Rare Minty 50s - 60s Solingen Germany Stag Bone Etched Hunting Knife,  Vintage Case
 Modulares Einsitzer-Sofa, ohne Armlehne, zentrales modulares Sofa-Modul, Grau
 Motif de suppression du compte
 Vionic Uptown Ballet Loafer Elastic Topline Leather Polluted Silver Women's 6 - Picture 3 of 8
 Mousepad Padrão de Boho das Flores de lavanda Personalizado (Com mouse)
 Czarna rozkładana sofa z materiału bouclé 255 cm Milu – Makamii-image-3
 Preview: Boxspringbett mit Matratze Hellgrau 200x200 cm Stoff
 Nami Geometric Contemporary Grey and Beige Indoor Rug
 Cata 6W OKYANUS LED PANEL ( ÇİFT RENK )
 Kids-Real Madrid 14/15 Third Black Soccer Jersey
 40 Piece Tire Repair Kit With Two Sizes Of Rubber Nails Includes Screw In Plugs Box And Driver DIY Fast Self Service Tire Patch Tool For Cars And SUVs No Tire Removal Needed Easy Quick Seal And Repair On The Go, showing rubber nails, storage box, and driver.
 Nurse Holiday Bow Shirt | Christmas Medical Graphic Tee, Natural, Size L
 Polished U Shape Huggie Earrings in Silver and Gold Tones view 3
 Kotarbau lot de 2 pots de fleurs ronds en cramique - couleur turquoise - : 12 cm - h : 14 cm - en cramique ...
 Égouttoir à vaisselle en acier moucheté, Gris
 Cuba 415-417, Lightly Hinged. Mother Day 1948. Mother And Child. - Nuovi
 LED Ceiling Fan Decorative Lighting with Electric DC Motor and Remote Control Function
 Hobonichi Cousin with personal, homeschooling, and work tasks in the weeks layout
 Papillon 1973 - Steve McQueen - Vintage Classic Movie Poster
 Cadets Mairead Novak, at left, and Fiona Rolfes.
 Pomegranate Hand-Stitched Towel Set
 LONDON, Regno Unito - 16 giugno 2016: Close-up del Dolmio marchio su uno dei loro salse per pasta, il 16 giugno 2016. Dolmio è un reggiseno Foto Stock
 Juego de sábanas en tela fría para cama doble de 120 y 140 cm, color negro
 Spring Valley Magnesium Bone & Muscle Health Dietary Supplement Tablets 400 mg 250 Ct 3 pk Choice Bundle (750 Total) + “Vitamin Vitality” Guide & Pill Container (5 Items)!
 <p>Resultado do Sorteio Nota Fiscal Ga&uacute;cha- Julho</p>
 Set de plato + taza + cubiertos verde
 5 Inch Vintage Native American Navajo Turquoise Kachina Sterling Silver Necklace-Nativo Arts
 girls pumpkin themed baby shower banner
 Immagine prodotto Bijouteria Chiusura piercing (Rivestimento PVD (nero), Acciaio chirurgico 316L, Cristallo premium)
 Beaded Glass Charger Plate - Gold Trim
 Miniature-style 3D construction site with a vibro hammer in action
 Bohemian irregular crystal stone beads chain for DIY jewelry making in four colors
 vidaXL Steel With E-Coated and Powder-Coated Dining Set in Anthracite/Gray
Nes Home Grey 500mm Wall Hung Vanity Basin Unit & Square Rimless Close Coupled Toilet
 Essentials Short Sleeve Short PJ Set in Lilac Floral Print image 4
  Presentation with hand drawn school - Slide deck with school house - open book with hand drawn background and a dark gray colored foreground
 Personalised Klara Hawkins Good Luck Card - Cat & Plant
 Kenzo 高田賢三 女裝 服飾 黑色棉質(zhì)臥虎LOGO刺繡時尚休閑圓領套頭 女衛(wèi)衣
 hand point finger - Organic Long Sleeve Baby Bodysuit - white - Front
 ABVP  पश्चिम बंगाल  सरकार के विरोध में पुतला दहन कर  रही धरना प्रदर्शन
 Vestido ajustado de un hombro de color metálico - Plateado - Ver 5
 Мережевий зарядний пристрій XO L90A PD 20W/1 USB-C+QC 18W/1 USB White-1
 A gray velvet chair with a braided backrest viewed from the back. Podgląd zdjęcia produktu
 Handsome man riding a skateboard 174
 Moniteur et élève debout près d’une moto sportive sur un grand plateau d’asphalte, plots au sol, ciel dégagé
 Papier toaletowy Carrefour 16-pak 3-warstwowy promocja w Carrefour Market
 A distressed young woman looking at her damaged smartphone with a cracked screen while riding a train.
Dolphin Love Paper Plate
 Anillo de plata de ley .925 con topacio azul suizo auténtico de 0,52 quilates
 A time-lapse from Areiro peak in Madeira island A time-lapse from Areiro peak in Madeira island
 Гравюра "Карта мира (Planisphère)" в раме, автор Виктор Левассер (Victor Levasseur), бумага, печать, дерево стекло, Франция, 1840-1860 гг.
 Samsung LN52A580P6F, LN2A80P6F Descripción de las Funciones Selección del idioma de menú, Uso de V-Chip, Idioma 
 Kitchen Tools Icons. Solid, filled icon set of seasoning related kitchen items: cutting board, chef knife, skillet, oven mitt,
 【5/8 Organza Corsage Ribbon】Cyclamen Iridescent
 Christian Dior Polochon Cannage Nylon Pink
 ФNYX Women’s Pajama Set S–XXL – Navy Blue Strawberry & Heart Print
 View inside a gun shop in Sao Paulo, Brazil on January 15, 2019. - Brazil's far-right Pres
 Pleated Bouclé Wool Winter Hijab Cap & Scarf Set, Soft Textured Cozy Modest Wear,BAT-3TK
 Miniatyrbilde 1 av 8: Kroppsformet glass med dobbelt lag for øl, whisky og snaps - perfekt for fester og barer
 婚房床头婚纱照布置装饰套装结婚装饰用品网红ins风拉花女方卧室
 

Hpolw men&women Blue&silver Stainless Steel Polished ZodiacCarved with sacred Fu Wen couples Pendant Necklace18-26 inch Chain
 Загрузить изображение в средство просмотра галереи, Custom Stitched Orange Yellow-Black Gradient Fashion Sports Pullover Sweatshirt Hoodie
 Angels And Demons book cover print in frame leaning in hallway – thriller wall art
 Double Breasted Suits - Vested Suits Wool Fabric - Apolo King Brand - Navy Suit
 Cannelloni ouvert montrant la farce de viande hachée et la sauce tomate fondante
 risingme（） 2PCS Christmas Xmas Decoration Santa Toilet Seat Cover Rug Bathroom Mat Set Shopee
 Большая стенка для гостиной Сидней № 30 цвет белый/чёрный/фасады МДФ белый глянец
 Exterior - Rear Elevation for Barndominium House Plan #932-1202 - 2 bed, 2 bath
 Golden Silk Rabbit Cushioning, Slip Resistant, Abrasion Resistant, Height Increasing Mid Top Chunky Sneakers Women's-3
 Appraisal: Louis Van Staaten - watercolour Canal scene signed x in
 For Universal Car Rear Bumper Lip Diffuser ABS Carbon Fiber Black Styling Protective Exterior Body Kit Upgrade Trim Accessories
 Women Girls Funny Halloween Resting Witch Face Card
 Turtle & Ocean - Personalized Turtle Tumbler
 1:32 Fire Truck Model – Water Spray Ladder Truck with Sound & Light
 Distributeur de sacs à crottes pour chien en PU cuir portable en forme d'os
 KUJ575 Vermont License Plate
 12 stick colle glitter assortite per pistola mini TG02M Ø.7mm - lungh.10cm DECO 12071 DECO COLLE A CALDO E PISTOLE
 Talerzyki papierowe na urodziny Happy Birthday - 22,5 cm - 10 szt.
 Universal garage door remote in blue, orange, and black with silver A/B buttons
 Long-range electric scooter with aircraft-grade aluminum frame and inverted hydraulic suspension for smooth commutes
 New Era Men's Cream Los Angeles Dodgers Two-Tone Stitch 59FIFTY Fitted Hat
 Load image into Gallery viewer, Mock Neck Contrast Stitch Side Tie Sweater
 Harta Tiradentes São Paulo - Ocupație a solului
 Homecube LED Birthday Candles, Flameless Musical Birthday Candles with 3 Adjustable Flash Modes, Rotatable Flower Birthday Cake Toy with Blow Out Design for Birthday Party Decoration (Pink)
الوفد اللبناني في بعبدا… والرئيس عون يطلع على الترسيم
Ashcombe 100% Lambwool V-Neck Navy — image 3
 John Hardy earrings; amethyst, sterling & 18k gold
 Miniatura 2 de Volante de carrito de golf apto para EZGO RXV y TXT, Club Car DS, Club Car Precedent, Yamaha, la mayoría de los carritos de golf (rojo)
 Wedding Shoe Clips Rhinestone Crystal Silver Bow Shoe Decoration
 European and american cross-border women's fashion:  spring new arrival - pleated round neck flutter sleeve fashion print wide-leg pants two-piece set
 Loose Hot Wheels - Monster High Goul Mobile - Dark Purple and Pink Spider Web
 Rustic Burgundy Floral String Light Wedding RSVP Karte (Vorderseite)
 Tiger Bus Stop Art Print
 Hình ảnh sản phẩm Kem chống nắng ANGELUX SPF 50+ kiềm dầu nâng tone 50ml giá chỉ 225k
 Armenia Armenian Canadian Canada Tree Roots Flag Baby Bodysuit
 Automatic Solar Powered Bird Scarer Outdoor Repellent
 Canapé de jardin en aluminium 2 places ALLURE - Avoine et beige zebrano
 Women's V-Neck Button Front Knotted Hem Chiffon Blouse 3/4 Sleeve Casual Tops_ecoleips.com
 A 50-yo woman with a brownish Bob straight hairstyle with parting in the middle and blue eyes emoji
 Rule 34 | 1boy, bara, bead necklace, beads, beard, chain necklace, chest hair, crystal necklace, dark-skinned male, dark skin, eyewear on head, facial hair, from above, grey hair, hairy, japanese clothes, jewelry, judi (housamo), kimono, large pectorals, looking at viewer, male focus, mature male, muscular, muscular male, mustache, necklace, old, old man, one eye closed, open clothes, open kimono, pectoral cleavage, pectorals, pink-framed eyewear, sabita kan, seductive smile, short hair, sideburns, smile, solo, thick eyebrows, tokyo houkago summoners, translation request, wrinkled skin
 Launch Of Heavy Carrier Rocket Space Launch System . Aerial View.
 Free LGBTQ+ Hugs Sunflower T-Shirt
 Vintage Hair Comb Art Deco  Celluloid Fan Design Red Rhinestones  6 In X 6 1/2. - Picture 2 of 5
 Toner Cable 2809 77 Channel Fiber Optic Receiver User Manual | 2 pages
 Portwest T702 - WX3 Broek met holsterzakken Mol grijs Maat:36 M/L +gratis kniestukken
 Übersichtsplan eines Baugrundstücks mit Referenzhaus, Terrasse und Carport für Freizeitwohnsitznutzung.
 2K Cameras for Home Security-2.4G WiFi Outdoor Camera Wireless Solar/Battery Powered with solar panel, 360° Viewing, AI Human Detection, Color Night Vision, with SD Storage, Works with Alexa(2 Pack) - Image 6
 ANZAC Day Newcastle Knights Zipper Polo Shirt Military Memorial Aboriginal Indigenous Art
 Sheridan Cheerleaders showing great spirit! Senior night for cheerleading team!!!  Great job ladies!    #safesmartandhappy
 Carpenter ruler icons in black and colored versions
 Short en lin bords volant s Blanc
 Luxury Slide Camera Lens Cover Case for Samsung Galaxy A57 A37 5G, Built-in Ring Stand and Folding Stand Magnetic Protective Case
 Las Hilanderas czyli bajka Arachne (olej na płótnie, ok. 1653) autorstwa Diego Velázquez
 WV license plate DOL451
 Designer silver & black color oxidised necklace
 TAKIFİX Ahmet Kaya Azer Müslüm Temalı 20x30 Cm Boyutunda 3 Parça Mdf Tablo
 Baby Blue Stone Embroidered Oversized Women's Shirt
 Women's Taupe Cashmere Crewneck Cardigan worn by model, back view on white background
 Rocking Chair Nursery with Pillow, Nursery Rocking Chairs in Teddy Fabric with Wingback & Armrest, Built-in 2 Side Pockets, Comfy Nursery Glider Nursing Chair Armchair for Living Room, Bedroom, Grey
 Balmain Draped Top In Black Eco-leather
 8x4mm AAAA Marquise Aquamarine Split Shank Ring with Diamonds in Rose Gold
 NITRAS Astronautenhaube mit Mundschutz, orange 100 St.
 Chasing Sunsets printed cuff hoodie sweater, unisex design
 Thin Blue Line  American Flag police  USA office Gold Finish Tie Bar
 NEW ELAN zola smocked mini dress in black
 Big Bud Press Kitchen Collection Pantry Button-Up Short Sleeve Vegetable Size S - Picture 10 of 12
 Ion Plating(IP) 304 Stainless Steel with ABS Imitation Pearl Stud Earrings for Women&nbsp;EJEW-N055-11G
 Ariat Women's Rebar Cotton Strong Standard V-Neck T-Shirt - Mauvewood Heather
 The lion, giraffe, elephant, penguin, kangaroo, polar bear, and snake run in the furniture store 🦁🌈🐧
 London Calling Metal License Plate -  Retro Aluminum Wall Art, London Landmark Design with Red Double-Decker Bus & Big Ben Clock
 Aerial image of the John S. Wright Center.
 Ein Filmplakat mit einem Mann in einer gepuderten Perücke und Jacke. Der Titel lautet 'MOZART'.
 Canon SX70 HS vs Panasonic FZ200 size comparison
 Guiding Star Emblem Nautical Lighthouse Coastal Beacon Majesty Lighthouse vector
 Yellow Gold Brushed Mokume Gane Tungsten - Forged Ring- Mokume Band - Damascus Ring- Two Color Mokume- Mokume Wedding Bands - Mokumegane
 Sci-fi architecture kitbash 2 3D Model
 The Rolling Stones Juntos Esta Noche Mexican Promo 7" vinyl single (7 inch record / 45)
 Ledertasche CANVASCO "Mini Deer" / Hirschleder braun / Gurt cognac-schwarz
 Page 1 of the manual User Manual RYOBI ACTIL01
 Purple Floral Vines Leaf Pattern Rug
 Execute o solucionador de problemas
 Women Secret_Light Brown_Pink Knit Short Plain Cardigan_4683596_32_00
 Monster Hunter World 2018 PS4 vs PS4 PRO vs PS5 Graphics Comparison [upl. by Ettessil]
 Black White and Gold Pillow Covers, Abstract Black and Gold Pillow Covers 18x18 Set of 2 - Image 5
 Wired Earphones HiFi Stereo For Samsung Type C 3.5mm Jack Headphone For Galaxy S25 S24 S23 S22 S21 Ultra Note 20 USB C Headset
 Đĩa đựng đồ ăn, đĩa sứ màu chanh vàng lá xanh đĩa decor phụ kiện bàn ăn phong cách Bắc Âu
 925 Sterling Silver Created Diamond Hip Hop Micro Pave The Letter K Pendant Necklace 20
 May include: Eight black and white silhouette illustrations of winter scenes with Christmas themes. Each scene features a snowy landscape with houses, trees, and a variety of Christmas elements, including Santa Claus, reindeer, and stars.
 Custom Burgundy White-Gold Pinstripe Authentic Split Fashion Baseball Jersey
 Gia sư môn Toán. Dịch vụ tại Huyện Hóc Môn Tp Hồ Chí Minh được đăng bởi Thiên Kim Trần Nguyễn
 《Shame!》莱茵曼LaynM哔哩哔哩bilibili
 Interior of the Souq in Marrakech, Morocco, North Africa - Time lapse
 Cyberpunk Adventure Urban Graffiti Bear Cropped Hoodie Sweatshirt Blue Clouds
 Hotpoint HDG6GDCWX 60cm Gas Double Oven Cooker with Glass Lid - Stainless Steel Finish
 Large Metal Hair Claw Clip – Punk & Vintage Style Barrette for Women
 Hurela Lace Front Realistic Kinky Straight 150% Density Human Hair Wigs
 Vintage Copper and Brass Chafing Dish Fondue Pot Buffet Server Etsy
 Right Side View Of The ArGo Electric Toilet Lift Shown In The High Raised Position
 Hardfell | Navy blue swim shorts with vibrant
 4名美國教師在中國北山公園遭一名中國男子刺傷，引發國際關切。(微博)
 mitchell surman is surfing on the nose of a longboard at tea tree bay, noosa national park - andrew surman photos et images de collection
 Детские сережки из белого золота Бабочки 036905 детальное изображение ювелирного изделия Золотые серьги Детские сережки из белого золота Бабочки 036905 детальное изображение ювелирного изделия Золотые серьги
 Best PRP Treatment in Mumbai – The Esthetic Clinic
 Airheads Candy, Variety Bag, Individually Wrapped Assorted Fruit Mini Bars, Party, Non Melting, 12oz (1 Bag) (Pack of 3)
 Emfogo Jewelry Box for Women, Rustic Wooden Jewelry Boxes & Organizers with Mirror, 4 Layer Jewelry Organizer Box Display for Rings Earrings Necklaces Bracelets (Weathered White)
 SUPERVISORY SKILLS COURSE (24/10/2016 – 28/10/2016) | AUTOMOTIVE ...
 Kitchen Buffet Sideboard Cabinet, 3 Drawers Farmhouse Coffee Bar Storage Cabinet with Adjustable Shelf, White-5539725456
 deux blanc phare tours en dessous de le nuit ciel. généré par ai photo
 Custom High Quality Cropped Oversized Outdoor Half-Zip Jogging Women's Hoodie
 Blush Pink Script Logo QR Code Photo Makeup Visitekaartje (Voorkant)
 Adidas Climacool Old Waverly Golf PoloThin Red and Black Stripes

PROBLEM STATEMENT:
Scan the records above for the lines holding "Exterior - Rear" and "Appraisal: Louis Van". Transcribe those two and every line between them word for word, and no others.

WRITTEN SOLUTION:
 Exterior - Rear Elevation for Barndominium House Plan #932-1202 - 2 bed, 2 bath
 Golden Silk Rabbit Cushioning, Slip Resistant, Abrasion Resistant, Height Increasing Mid Top Chunky Sneakers Women's-3
 Appraisal: Louis Van Staaten - watercolour Canal scene signed x in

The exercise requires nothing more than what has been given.